Comment 26 for bug 1474332

Revision history for this message
Vitaly Sedelnik (vsedelnik) wrote :

It seems that backporting the fix for the bug 1474332 (upstream bug 1375156) to MOS 5/6 was not done correctly.

Using vanilla MOS 6.0 with Ceilometer deployed (is needed for Heat's autoscaling feature):

- one controller, one compute, one mongo
  - did not bother with setting up heat domain etc, was doing things from admin

- Heat's autoscaling working as expected

- installed updated heat packages from MOS 6 updates (http://mirror.fuel-infra.org/fwm/6.0/updates/ubuntu/pool/main/h/heat/)
  - stopped heat services, installed updated heat packages (all of them, python-heat, heat-common, heat-engine, heat-api*)
  - cleaned *.pyc files
  - restarted all heat services

- autoscaling stopped working
  - ASG always thinks it is already scaling_in_progress judging by its metadata
  - grep "NOT performing scaling adjustment, cooldown" /var/log/heat/heat-engine.log

Our backport is here: https://review.fuel-infra.org/#/c/10084/
There is now a backport for the same bug in upstream stable/juno: https://review.openstack.org/#/c/231798/
Note that our backport was done before the upstream one, and comparison reveals some differences between them.
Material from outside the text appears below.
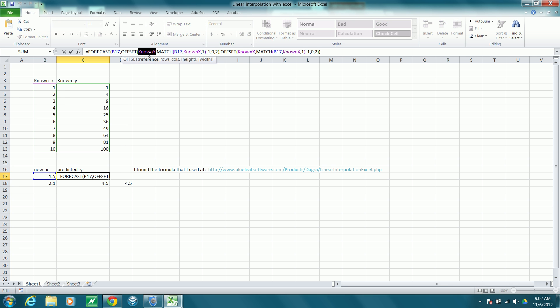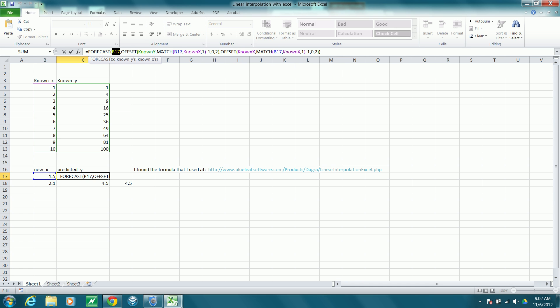Here's the known Y range. Here's the known X range. Again, the known X range. And the B17 values, of course, are the values of X for which we would like to predict Y.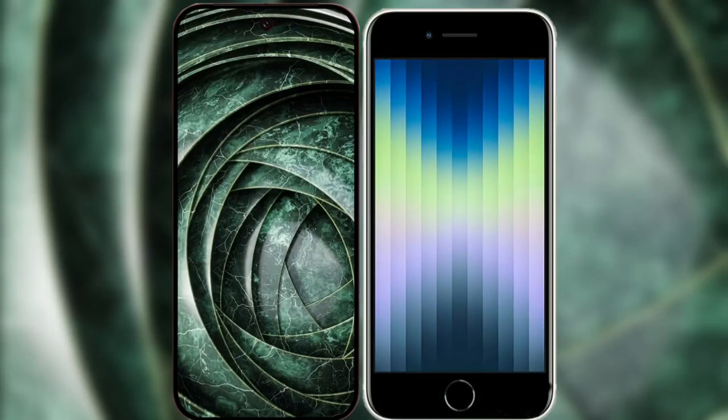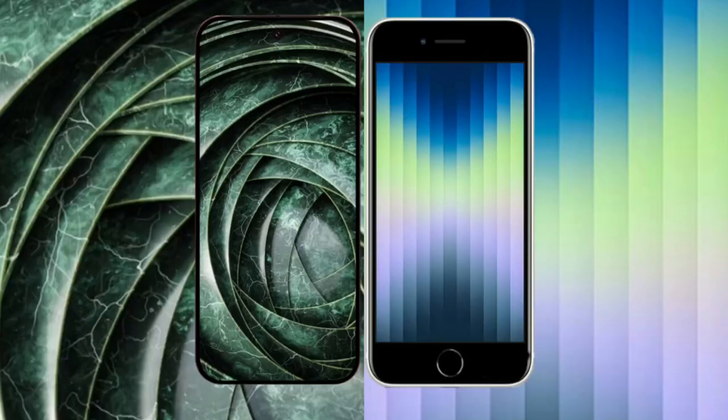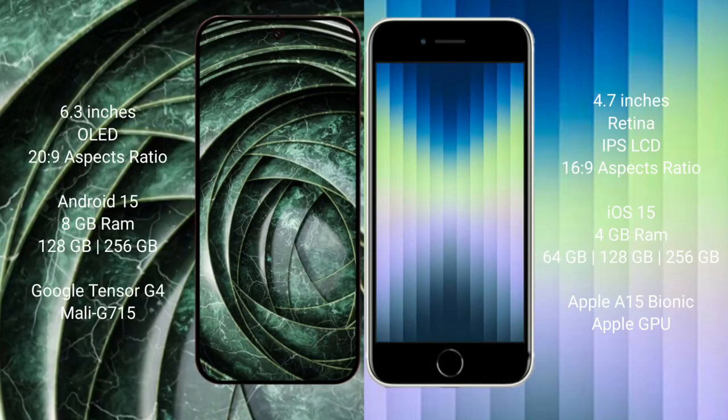I will compare the new Google Pixel 9a with iPhone AC. Google Pixel 9a has a 6.3-inch OLED display, and the iPhone AC has a 4.7-inch Liquid Retina IPS LCD display. Both phones also come in a 6.7-inch variant.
When I applied the upstream backport to the env above, Heat's autoscaling started to work again.

Therefore I propose that we revert the commits with backport in our branches and cherry-pick the upstream one:
6.0 - definitely, confirmed
6.1 - most probably, has to be verified
5.1 - most probably, but an extra effort and care has to be paid for backporting the upstream stable/juno fix to our Icehouse-based Heat of 5.1
7.0 - mos probably not (AFAIU for 7.0 fix in our branch is actually cherry-picked from stable/kilo), but better be verified.

Testing the Heat's autoscaling:
- create a stack from provided test template
  - modify parameters to your actual setup
- one nova server will be created
- assign a floating IP to this server
- login to the server over SSH with key you have specified in the template
- stress server's CPU
- after some time ceilometer alarm for high CPU usage will fire off and another server will be created
  - if stress is not released, 3rd one will be created too (max size of the autoscaling group in the test template is hard-coded to 3)
- release the CPU load
- after some time only 1 server will be left